Fidelin Kiln Guadeloupe, France

This kiln, of which many remains can still be seen, was created by Jean-Pierre Fidelin shortly after 1760. He acquired a second pottery with his son at Trois-Rivières in 1785.

In the late eighteenth century, it would appear that pottery production focused almost exclusively on sugar molds and refinery pots. This production was required to meet the high demand from sugar refineries. Indeed, each refinery used around three thousand sugar molds, and renewals for regular breakages became a significant business outlet.

Sugar molds, which were over 50 cm in height, were produced in large kilns. Clay was brought in from Terre-de-Haut and worked by slaves on the pottery site. By 1811, the number of enslaved people working on the plantation had risen to 121, and would rise to 130 by 1837.

Not only were these enslaved workers employed as potters, they were also responsible for transporting the clay and the finished articles using oar-propelled canoes. Some were employed to cut the vast quantities of wood required for pottery production, while others loaded the kiln or worked the clay. Slaves were housed in some thirty cabins made of wood or wattle and daub, with thatched roofs.

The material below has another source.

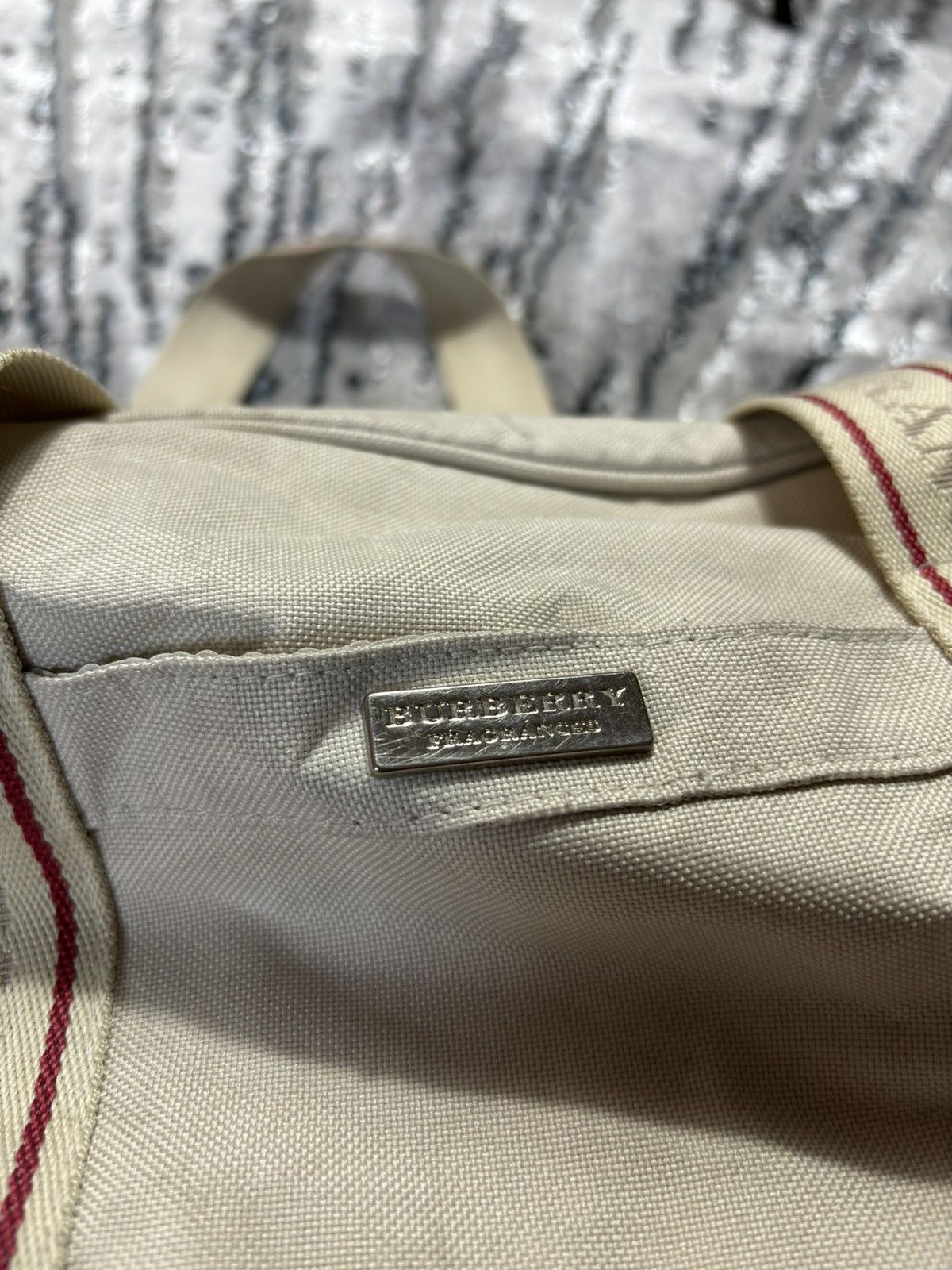 Burberry 🔥Best Offer🔥Authentic Burberry Travel Bag Designer Size ONE SIZE - 2 Thumbnail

From 1815 onward, when the market for white sugar collapsed, the pottery diversified its production. Flower pots, jars, pots with handles, and also tiles were subsequently produced in the Fidelin kiln. During the second half of the nineteenth century, operations became intermittent and then ceased permanently toward the end of the century.

Fidelin Kiln is part of the Slave Route—Traces of Memory network organized by the Conseil Général of Guadeloupe.